The Cover PagesThe OASIS Cover Pages: The Online Resource for Markup Language Technologies
Advanced Search
Site Map
CP RSS Channel
Contact Us
Sponsoring CP
About Our Sponsors

Cover Stories
Articles & Papers
Press Releases

XML Query

XML Applications
General Apps
Government Apps
Academic Apps

Technology and Society
Tech Topics
Related Standards
Created: August 26, 2002.
News: Cover StoriesPrevious News ItemNext News Item

Stream Index 'SIX' Used in XML Stream Processing Toolkit.

A research team at the University of Washington Department of Computer Science and Engineering has developed an XML toolkit using a highly scalable XML stream processor and an XML stream index. The XML toolkit "consists of a number of utilities that perform simple operations on XML files. [The team has built] a sort utility, an aggregation utility, a mapping utility to transform Unix directory hierarchies to XML, and some smaller utilities. The utilities can be combined sequentially, in pipes, to perform more complex XML processing. The toolkit defines a binary XML format that is more compact than XML (by a factor of two, on average). This format can be optionally used as communication format in a pipeline, to achieve speedups by a factor of two. The toolkit defines a novel index called stream index, SIX. All utilities check if the input data has a pre-computed SIX, and use it if it is available... From a technical point of view, it is essential for XML Toolkit commands to parse XML data and process a collection of XPath expressions. As a common library for these command, the team has implemented two technologies to realize a high-throuput XML data processing: (1) Lazy DFA-based XPath processor, a deteministic finite automaton that is constructed lazily, and (2) 'SIX' streaming index for XML data for the XML parser. They have implemented the Lazy DFA and SIX on a tokenized (binary) SAX parser and xerces1_4_0 SAX parser." The XML Toolkit library is available for download.
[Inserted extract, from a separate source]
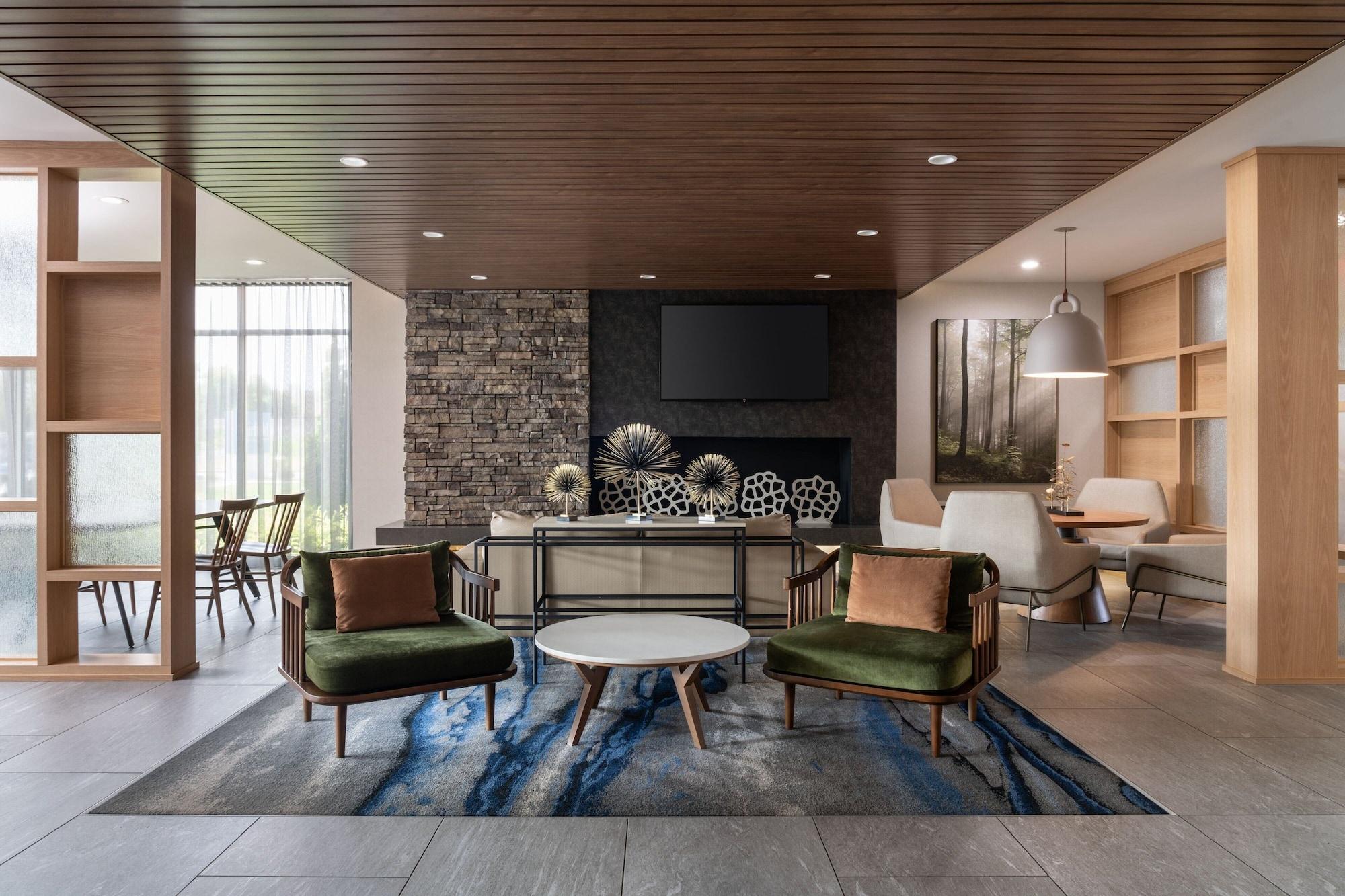 Vista Lobby Fairfield Inn & Suites by Marriott Cleveland Tiedeman Road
"There are two important technical contributions in the toolkit: a highly scalable XML stream processor, and an XML stream index. Both have important applications beyond the toolkit, to XML packet routing and to selective dissemination of information. The XML stream processor achieves a sustained throughput of about 5.6MB/s and scales up to large numbers of XPath expressions (up to 1,000,000 in our experiments). Since the processor transforms all XPath expressions into a single deterministic automaton, we did a detailed theoretical analysis to prove that the number of states in the automaton remains relatively small. The stream index is the first attempt to index streaming data, rather than stored data. It has to be small compared to the data stream (ours is 6% or less), and has to arrive just in time with the data stream. We measured speedups of up to a factor of four in processing XML streams with the index... [from the website]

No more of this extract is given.